Schwerelosigkeits-Indikator und Unterhaltung
Ab ins Weltall: Angry Birds-Plüschvogel und iPads fliegen zur ISS
Mit der letzten Shuttle-Mission wurde vor einiger Zeit ein iPhone 4 zur Internationalen Raumstation gebracht. Die Besatzung soll damit Experimente zur Navigation durchführen. Später in diesem Monat werden nun zwei iPads folgen, allerdings nicht für wissenschaftliche Zwecke. Und auch die Angry Birds schaffen es in den Weltraum.
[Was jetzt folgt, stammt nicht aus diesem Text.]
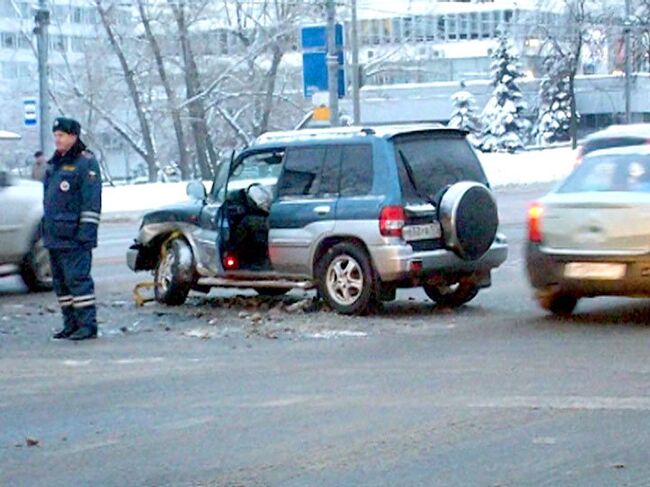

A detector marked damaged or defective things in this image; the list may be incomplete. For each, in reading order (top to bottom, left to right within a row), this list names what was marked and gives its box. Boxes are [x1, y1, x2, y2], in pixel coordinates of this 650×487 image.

damaged blue suv [126, 126, 506, 314]
suv damaged front wheel [316, 243, 378, 316]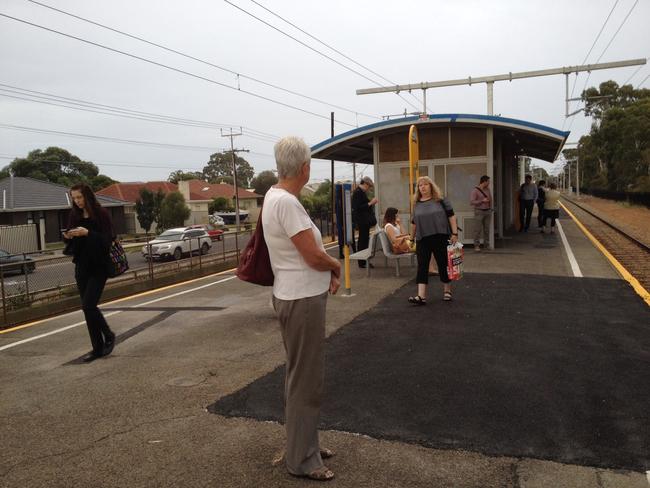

Die Angry Birds haben es bislang schon sehr weit geschafft. Die Vögel fingen als Spiel für iOS-Geräte von Apple an und kamen dann nach und nach für weitere mobile Betriebssysteme auf den Markt. Inzwischen gibt es Angry Birds auch als Browser-Game oder als Spiel für Konsolen. Auf der diesjährigen IFA präsentierten sie sich als Lautsprecher, Handy-Hüllen und Kopfhörer. Auch Plüschtiere gibt es inzwischen von den beliebten wütenden Vögeln.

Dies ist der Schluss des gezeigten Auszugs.